163.—(1) For a document to be properly served by post, it must be contained in an envelope addressed to the person on whom service is to be effected, and pre-paid for either first or second class post.
(2) A document to be served by post may be sent to the last known address of the person to be served.
(3) Where first class post is used, the document is treated as served on the second business day after the date of posting, unless the contrary is shown.
(4) Where second class post is used, the document is treated as served on the fourth business day after the date of posting, unless the contrary is shown.
(5) The date of posting is presumed, unless the contrary is shown, to be the date shown in the post-mark on the envelope in which the document is contained.
164. Subject to Rule 163 and 165, CPR Part 6 (service of documents) applies as regards any matter relating to the service of documents and the giving of notice in energy administration proceedings.
165.—(1) CPR Part 6, paragraphs 6.17 to 6.35 (service of process, etc, out of the jurisdiction) do not apply in energy administration proceedings.
(2) Where for the purposes of energy administration proceedings any process or order of the court, or other document, is required to be served on a person who is not in England and Wales, the court may order service to be effected within such time, on such person, at such place and in such manner as it thinks fit, and may also require such proof of service as it thinks fit.
(3) An application under this Rule shall be supported by an affidavit stating—
(a)the grounds on which the application is made, and
(b)in what place or country the person to be served is, or probably may be found.

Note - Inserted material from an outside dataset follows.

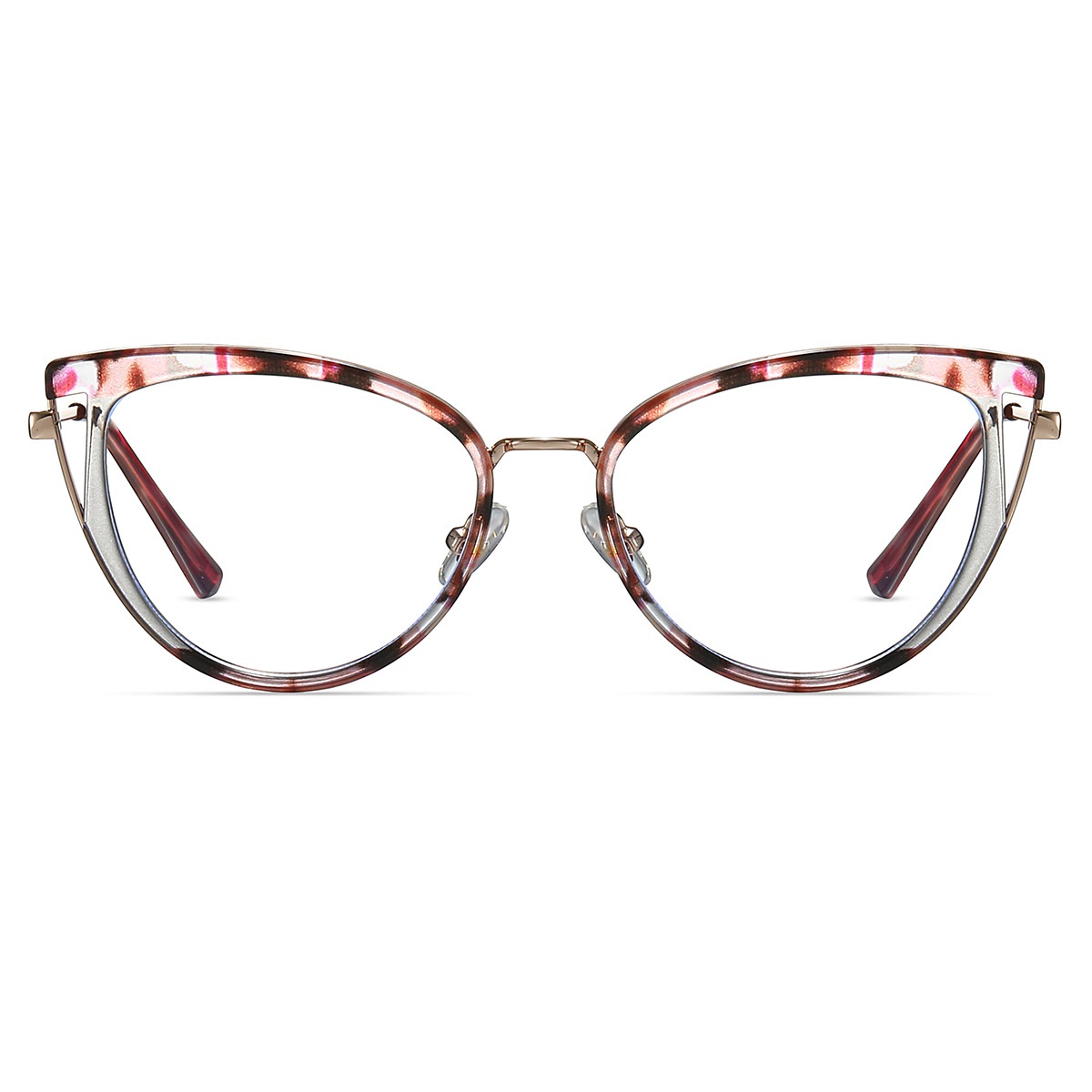 Bunny-Plain lens glasses are available with prescription optical lenses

166.—(1) Where in energy administration proceedings the energy administrator considers, in the case of a document forming part of the records of the proceedings, that—
(a)it should be treated as confidential, or
(b)it is of such a nature that its disclosure would be calculated to be injurious to the interests of the creditors or members of a protected energy company,
he may decline to allow it to be inspected by a person who would otherwise be entitled to inspect it.
(2) Where under this Rule the energy administrator determines to refuse inspection of a document, the person wishing to inspect it may apply to the court for that determination to be overruled; and the court may either overrule it altogether, or sustain it subject to such conditions (if any) as it thinks fit to impose.
(3) Nothing in this Rule entitles the energy administrator to decline to allow the inspection of any proof or proxy.
167. Where under the 1986 Act, the 2004 Act, Schedule B1 to the 1986 Act or the Rules, a document of any description is to be sent to a person (whether or not as a member of a class of persons to whom that same document is to be sent), it may be sent as an accompaniment to any other document or information which the person is to receive, with or without modification or adaptation of the form applicable to that document.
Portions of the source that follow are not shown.